■ **Task item**:
The reply should contain the full listing exactly as written and no pictures at all.

• • • • • • •

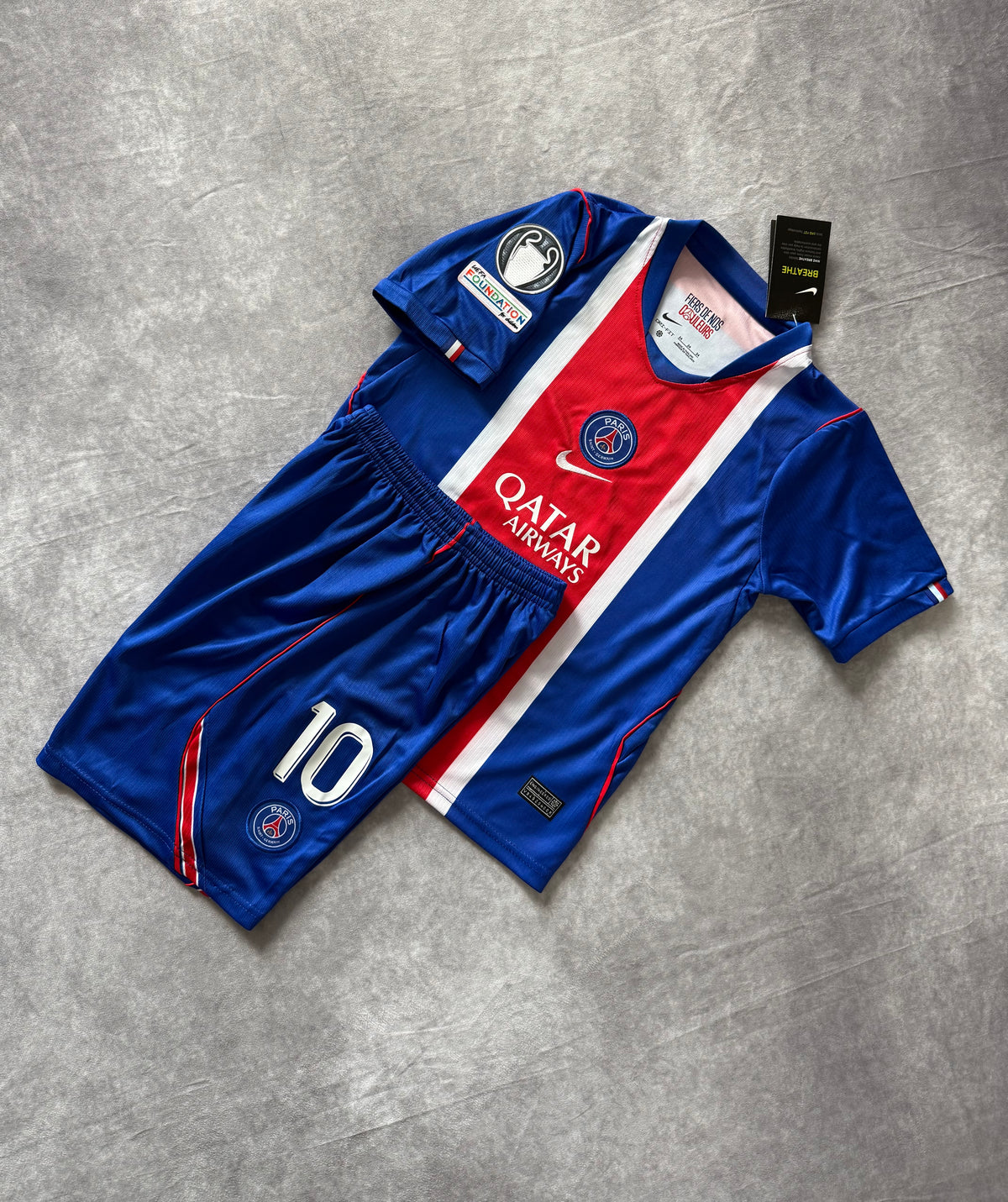 Paris Saint Germain Home Soccer Jersey Set Kids  Dembele 10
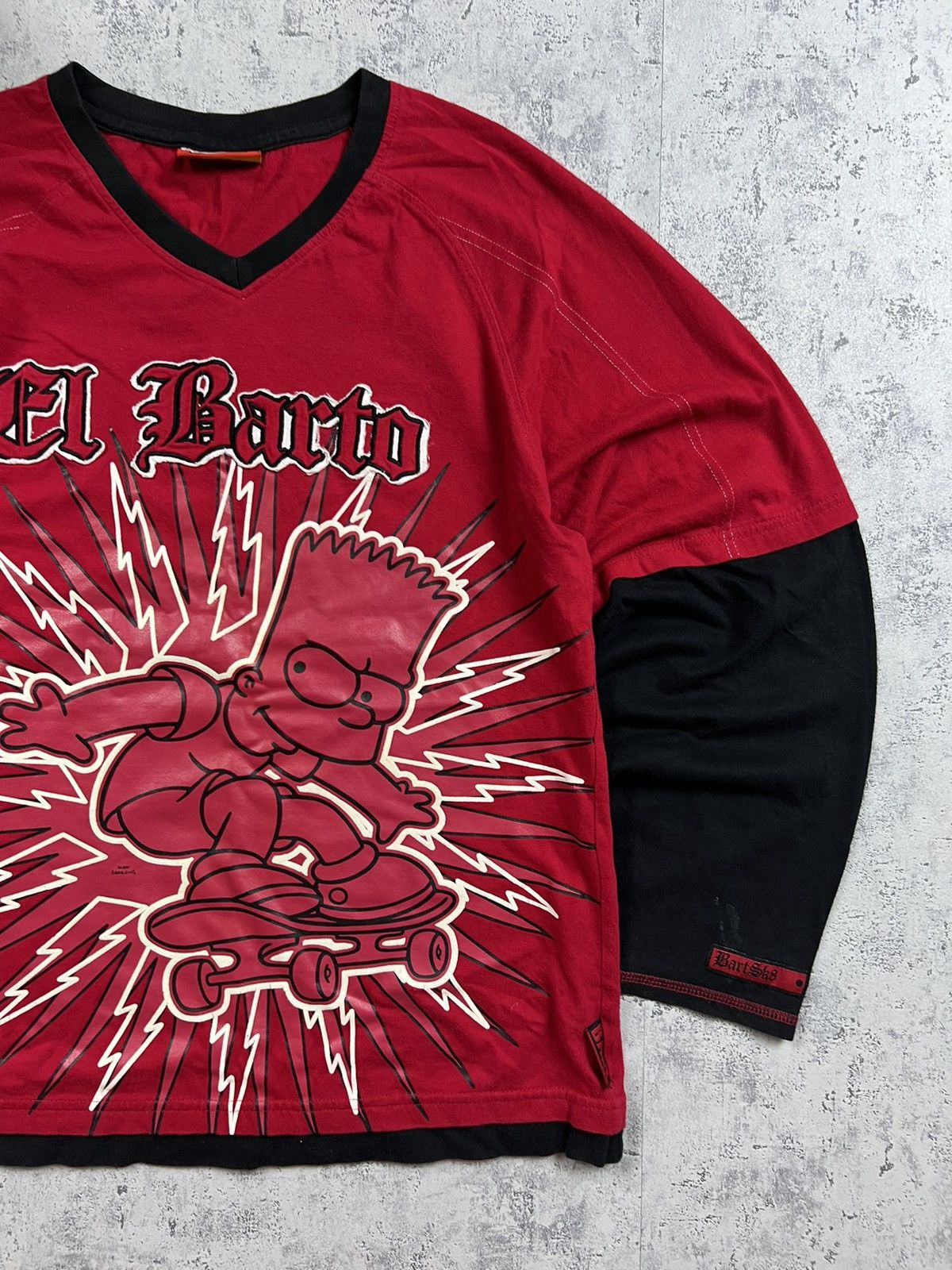 The Simpsons × Vintage 2006 THE SIMPSONS VINTAGE “EL BARTO” SKATE Y2K TEE Size US S / EU 44-46 / 1 - 3 Thumbnail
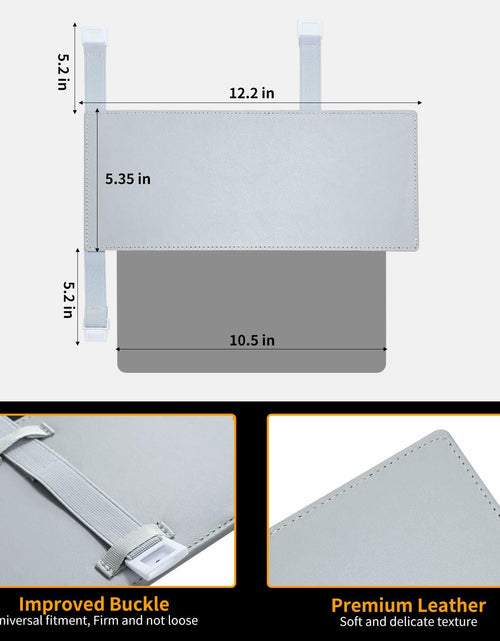 Load image into Gallery viewer, Uxcer Polarized Sun Visor Extender UV400 PC Lens Gray Sunshade Blocker
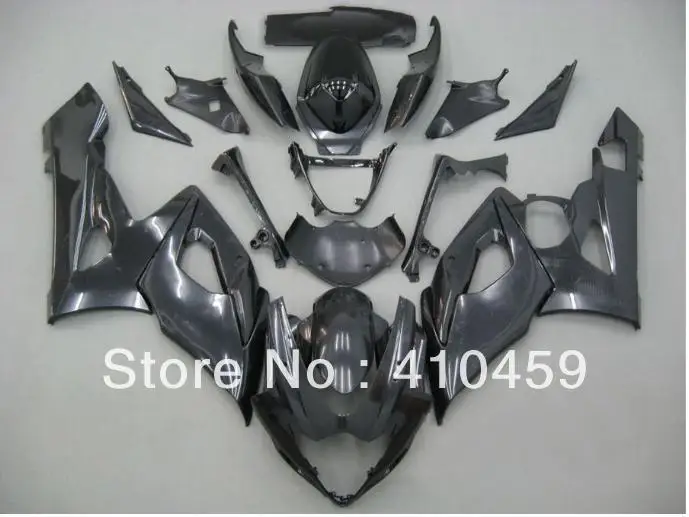 Комплект обтекателей для Мотоцикла SUZUKI GSXR1000 GSX R1000 GSXR 1000 K5 05 06 2005 2006 плоские черные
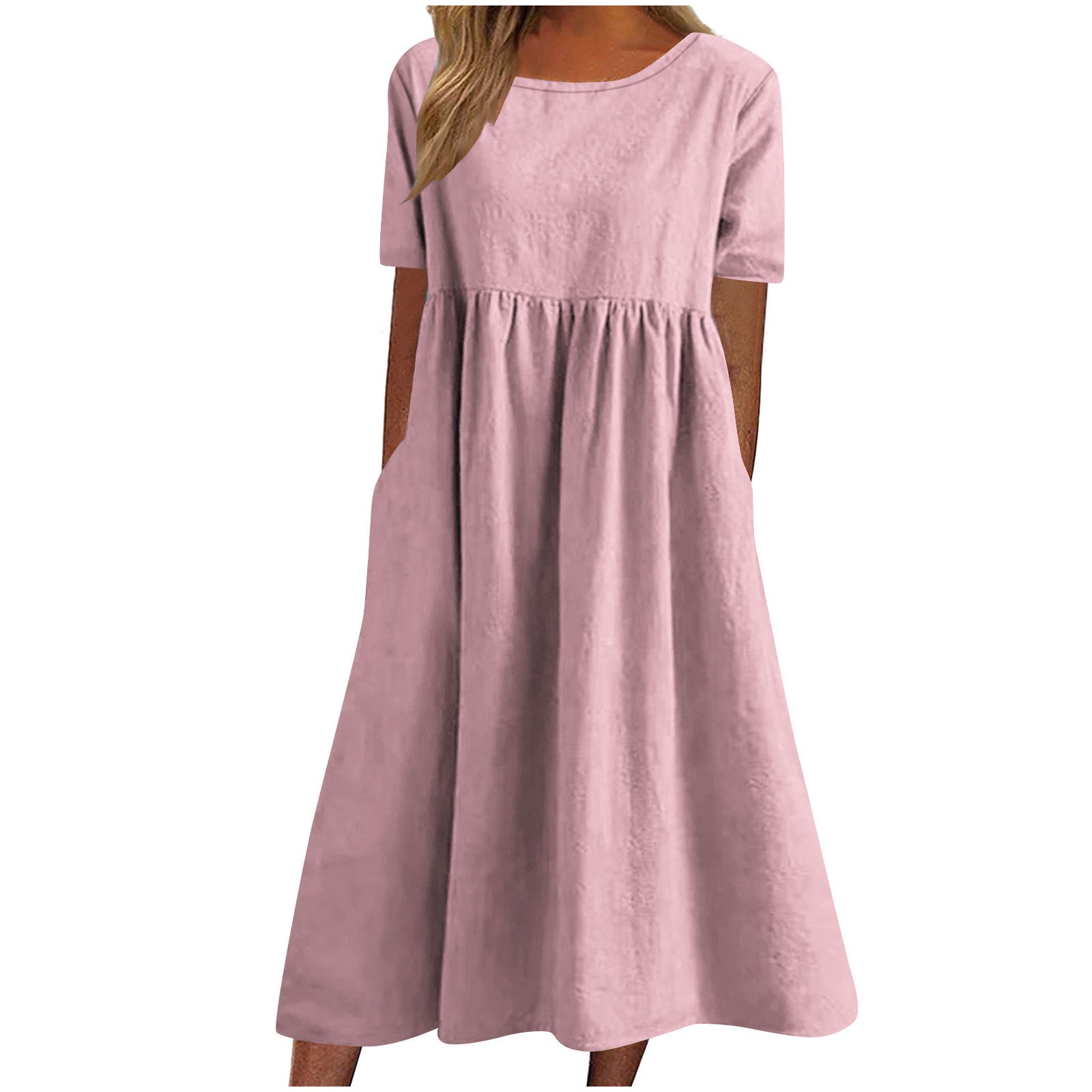 Damen lässiges Maxikleid mit Taschen Krohn-e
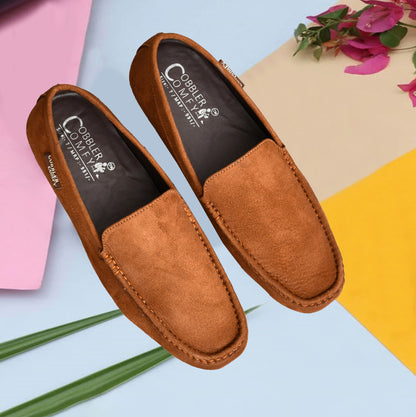 Classic Suede Moccasins for Men | Tan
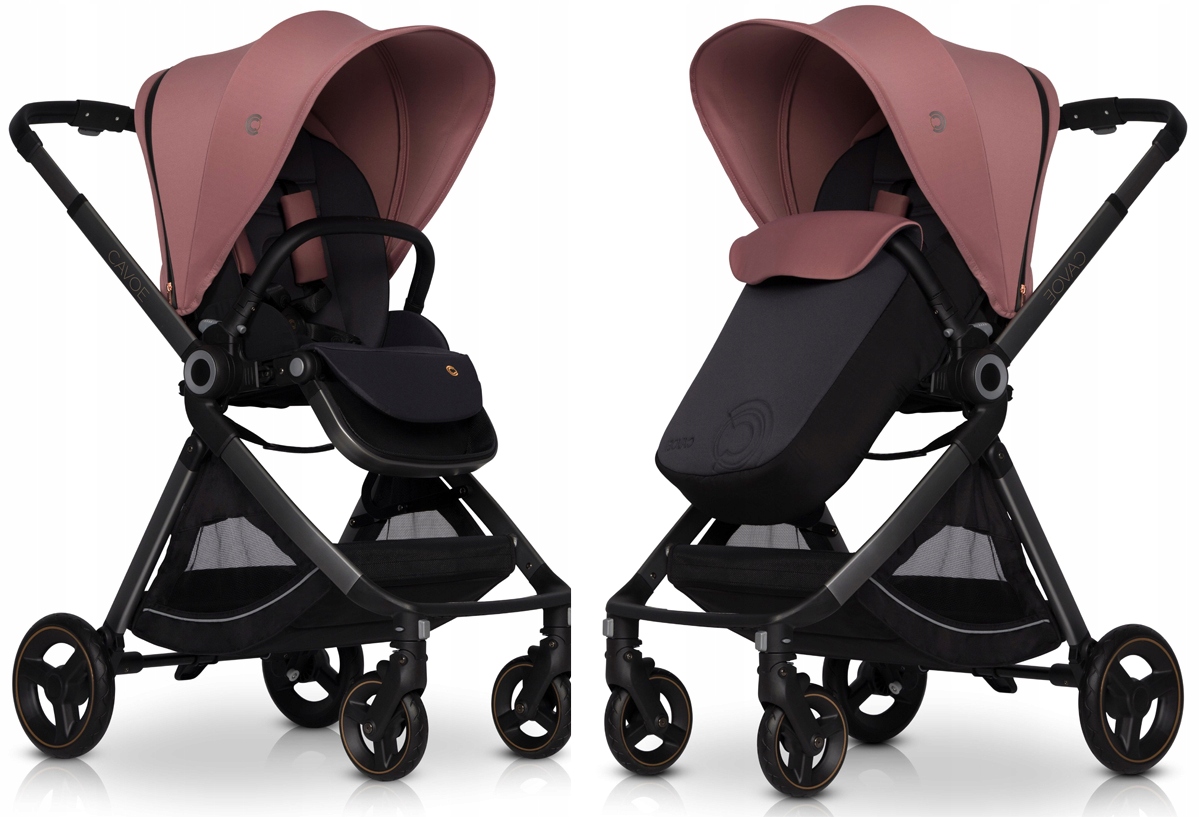 WÓZEK SPACEROWY CAVOE OSIS TYŁ/PRZÓD |DESSERT ROSE Elementy zestawu Spacerówka
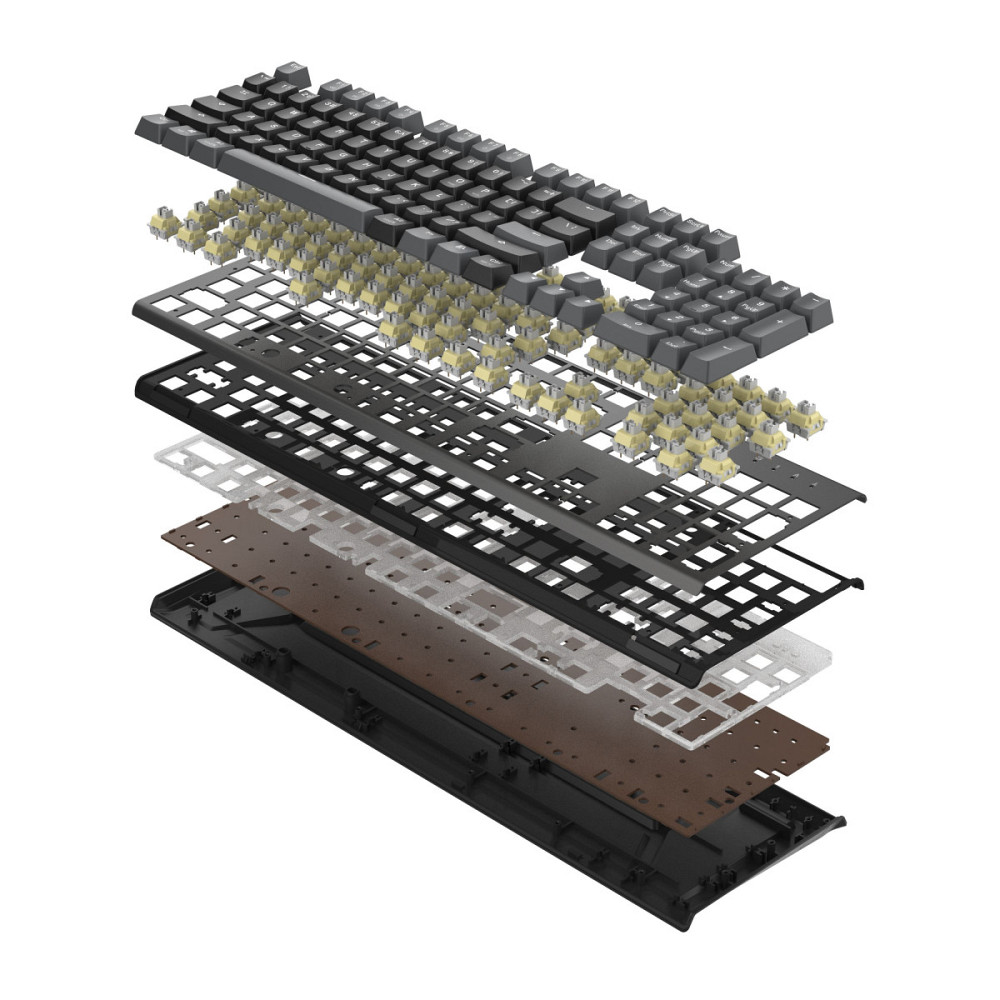 Клавиатура компьютерная проводная A4Tech Fstyler FS100(StoneBlack) черная Київ - зображення 8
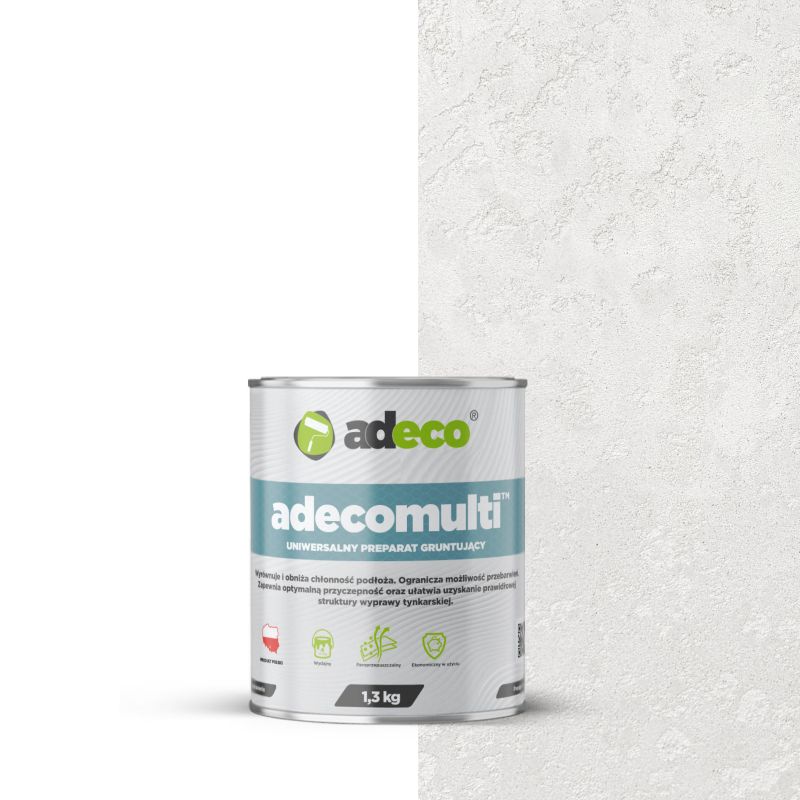 Grunt szczepny Adecomulti z kwarcem pod beton architektoniczny 1,3 kg kolor Biały white 1 szt.
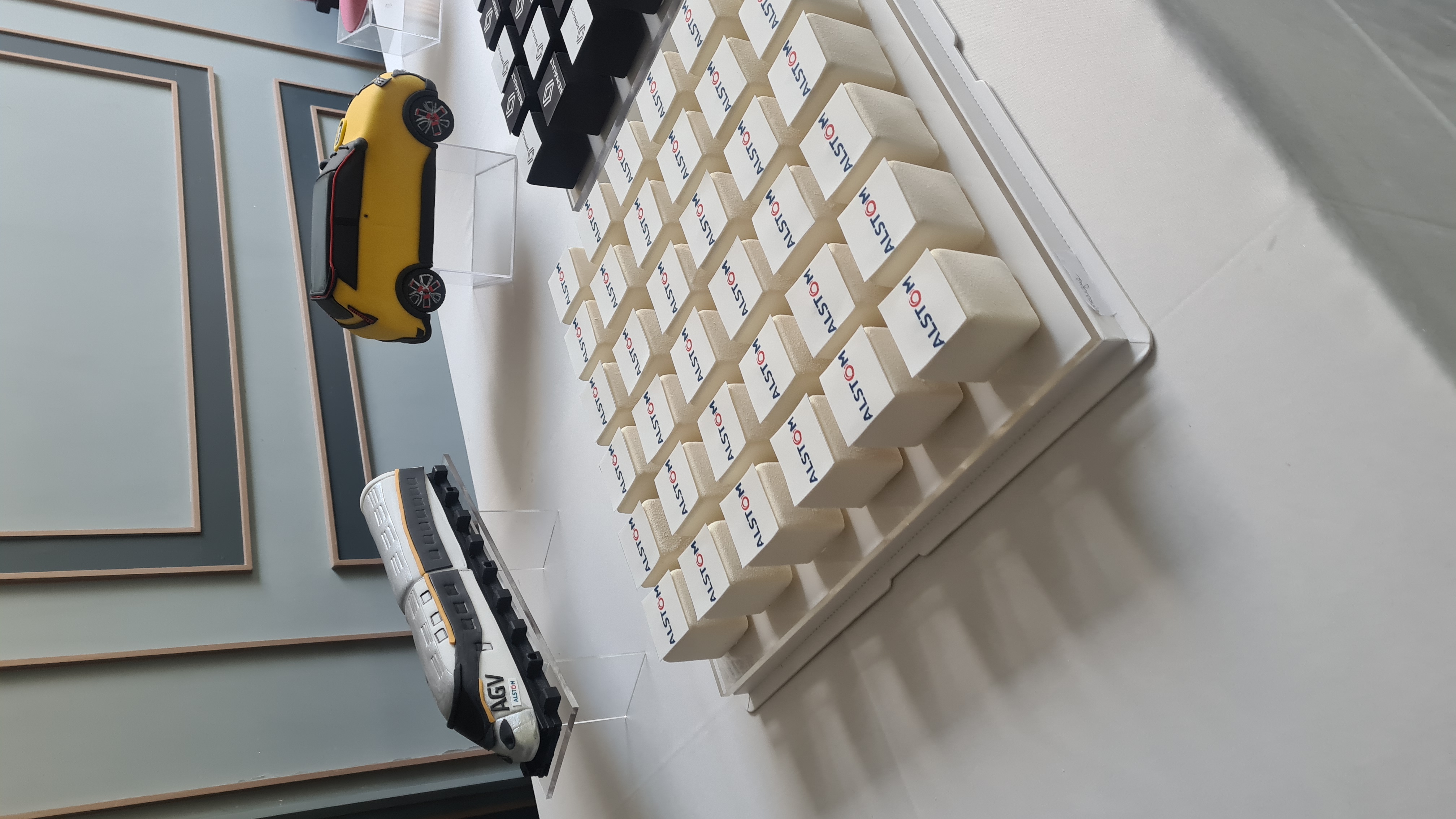 Création Noël entreprise Alstom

• • • • • • •

■ **Solved problem**:
 Paris Saint Germain Home Soccer Jersey Set Kids  Dembele 10
 The Simpsons × Vintage 2006 THE SIMPSONS VINTAGE “EL BARTO” SKATE Y2K TEE Size US S / EU 44-46 / 1 - 3 Thumbnail
 Load image into Gallery viewer, Uxcer Polarized Sun Visor Extender UV400 PC Lens Gray Sunshade Blocker
 Комплект обтекателей для Мотоцикла SUZUKI GSXR1000 GSX R1000 GSXR 1000 K5 05 06 2005 2006 плоские черные
 Damen lässiges Maxikleid mit Taschen Krohn-e
 Classic Suede Moccasins for Men | Tan
 WÓZEK SPACEROWY CAVOE OSIS TYŁ/PRZÓD |DESSERT ROSE Elementy zestawu Spacerówka
 Клавиатура компьютерная проводная A4Tech Fstyler FS100(StoneBlack) черная Київ - зображення 8
 Grunt szczepny Adecomulti z kwarcem pod beton architektoniczny 1,3 kg kolor Biały white 1 szt.
 Création Noël entreprise Alstom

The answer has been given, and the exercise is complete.